People who belong to religious minority groups, including Jews, Muslims, Hindus, Buddhists, Sikhs, and others, are protected against discrimination by Title VII of the Civil Rights Act. However, not all signs of religious discrimination are necessarily obvious, and you should be on the lookout in case you or your coworkers are discriminated against. Here are just some signs of religious discrimination that you should watch for in your workplace:
- Lower pay or benefits
- Sometimes, religious discrimination takes a similar form to other types of discrimination, resulting in lower pay or benefits related to their coworkers. Victims of discrimination may be paid less, get fewer vacation days, or be denied raises or promotions they would otherwise be entitled to.
- Use of offensive language or slurs
- Religious discrimination can also manifest as managers, coworkers, or others using offensive language or slurs in relation to a religious group. This may occur in private conversation, or in written communications like email or text messages.
- Making inappropriate jokes or statements
- Alternatively, discrimination may manifest as inappropriate jokes or statements that carry a discriminatory intent. For example, they may use humor that relies on offensive stereotypes, or make broad statements about religious groups that affirm those stereotypes.
- Being dismissive of religious beliefs
- Sometimes, religious discrimination is more subtle, with employers or coworkers refusing to respect individual religious beliefs. This may include making comments that are dismissive of a person’s deeply held religious beliefs, or refusing to respect their dietary restrictions.
- Refusing to grant time off for holidays
- The law protects every person’s right to take off for religious holidays, but not every employer respects that right.
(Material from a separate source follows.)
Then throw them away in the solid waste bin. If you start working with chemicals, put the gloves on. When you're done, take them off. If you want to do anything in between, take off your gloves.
They may force an employee to work on a holiday, or force them to take sick or vacation days for religious observances.
- Refusing to grant reasonable accommodations
- Religious discrimination may also take the form of refusing to grant reasonable accommodations for employees. This may include refusing to allow adjustments to dress codes for things like facial hair, or forcing them to remove religious head wear.
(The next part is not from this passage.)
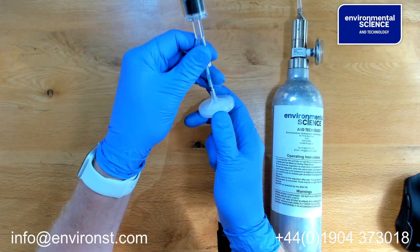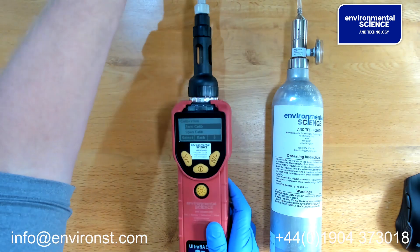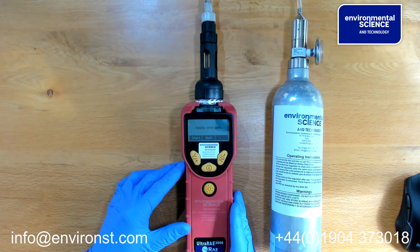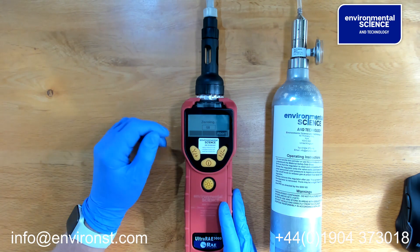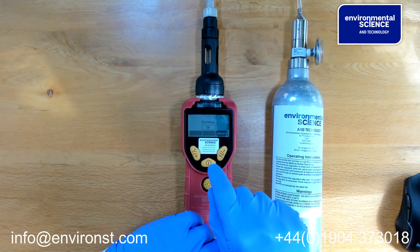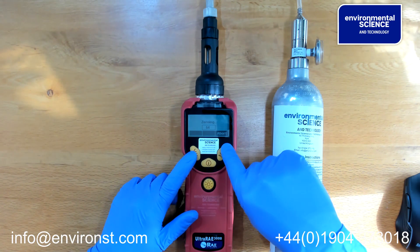You then select zero calibration and press start. This will run for 60 seconds and the unit will be zeroed. We're not going to do this because it's quite a long process for you to watch, but the principle is there.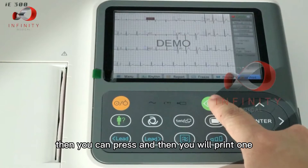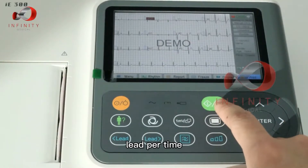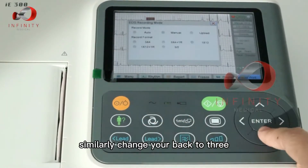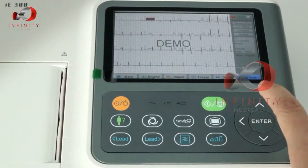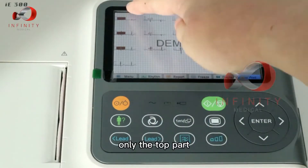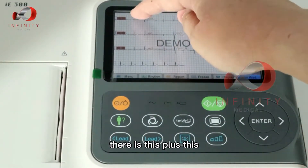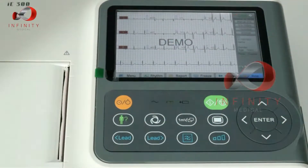Press print and it will print one lead at a time. If you want to print three leads at a time, change it back to three. Three times four covers only the top part, and three times four plus one rhythm adds the rhythm strip below.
- Retaliation for reporting discrimination
- Finally, a person may experience religious discrimination if they are retaliated against for reporting discrimination, whether they were the original victim or not. In these cases, victims of discrimination may be able to seek compensation for the harm they suffered.
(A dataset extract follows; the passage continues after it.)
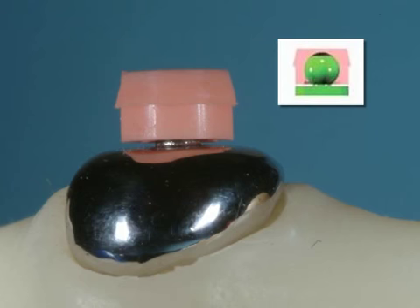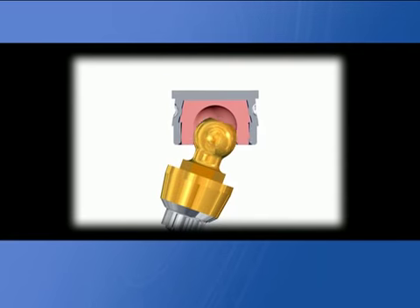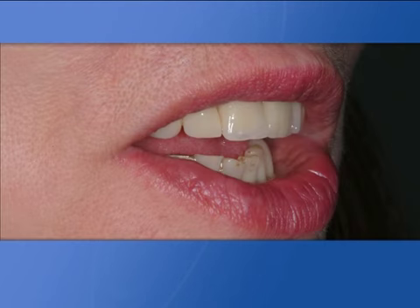Following the suggestions provided in this very easy lab procedure, you will obtain the following results: A) longer life of the retentive caps; B) reduced stressing of main abutments; C) denture stability and patient satisfaction.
Steven Mitchell Sack, the Employee’s Lawyer, is a New York employment lawyer with more than 44 years’ experience handling the many aspects of employment law. His new book, “Fired!: Protect Your Rights & FIGHT BACK If You’re Terminated, Laid Off, Downsized, Restructured, Forced to Resign or Quit,” is available in hardback, and contains valuable advice on dealing with employment and labor law issues. To purchase the book, feel free to contact Steven Sack at 917-371-8000 or visit the website at legalstratpub.com. To inquire about a legal matter, please feel free to contact attorney Steven Sack at 917-371-8000 or firstname.lastname@example.org.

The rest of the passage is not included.